I bowed out of music for the most part shortly after that and then never really bothered to re-engage with the contemporary platforms when I began to resuscitate Caural… In all honesty, it has only been very recently that I have begun to do either. I created my Caural Facebook page a couple of years ago but haven’t released anything new, nor have I toured, so really it is going to demand a lot of nostalgia and curiosity by listeners like you to find my lazily updated page! I would expect that to change as I share new music, but maintaining sanity requires you to dissociate popularity with any sort of objective worth: the majority of the time – with even a cursory glance at YouTube and without mentioning any names – you can see the opposite is true.

Swallowing a dash of healthy bitterness about the realities of our corporate and otherwise imploded industry, I have become comfortable defining success using different metrics. For me, it is about finding joy in manifesting creative works from my “origin”: the truest definition of being “original”. If what becomes of that labor of love resonates with someone else, it makes me grateful that others connected with me on my journey as an artist.


Photo: Shaun Roberts


What are you working on currently? Maybe it’s time for Caural to return?

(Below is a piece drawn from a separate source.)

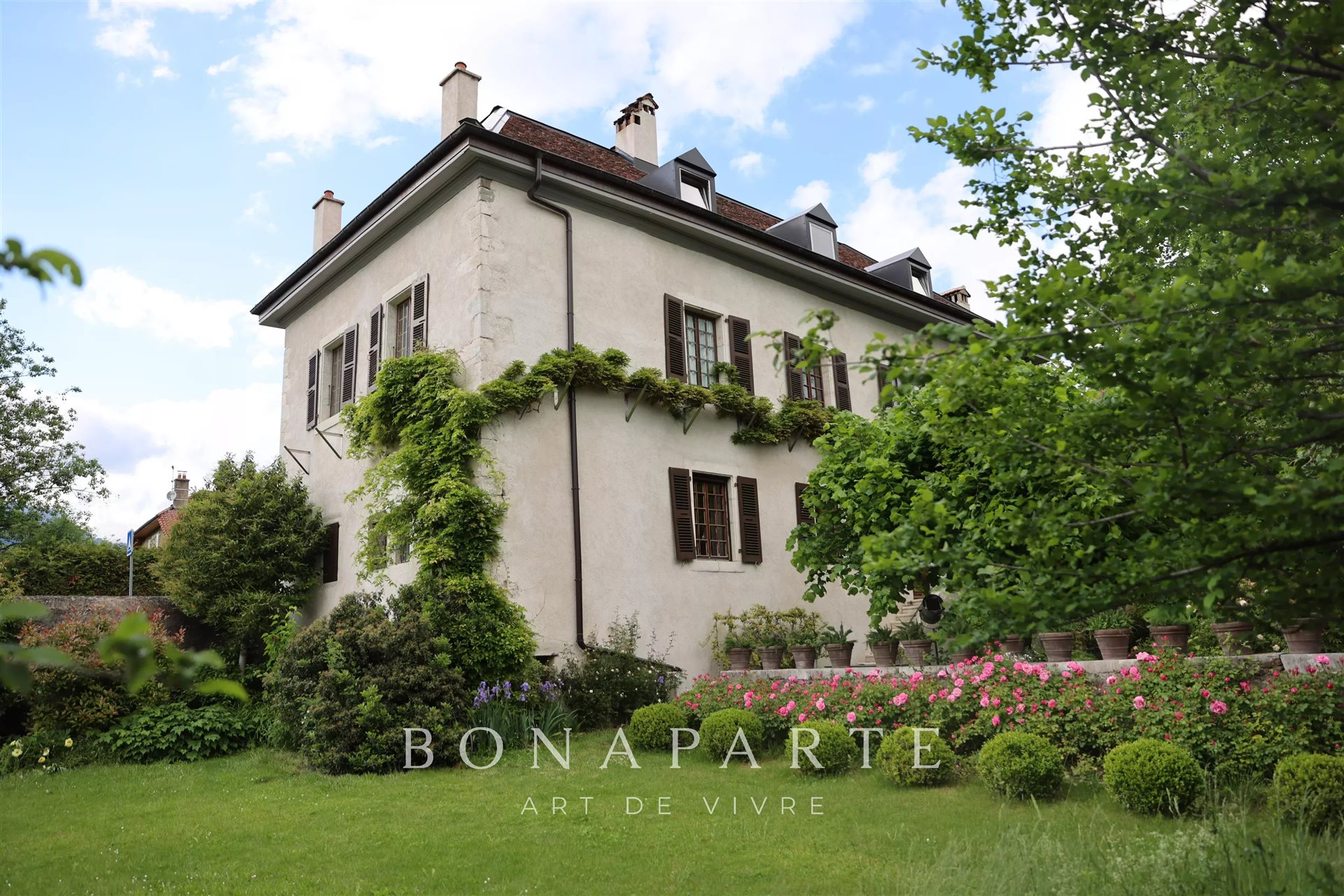 Maison à vendre, 332m², Cessy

I have been focused on film for the past year and am really learning a lot, but yes: returning to music is long overdue. While I am putting together another mixtape of sorts – this one collecting my remixes as Caural  – my first new music will be the soundtrack to the film I produced with my wife this year, “Word Is Bond”. She and I will be traveling quite a bit over the next couple of months but, this December, we are going to work on some new music together in addition to the soundtrack. I had her sing on a cover of a New Order tune I did as Boy King Islands when we were living in the Bay Area (“The Him”, released by The Blog That Celebrates Itself), and I want to revisit that sort of stripped down setup with guitar, voice and field recordings. Since we’ll be taking a little hiatus up north, I think the silence will give us an inspiring palette. Outside noises aside, my head has been exploding with ideas, so 2018 promises to be a shift back into sound for me – as Caural.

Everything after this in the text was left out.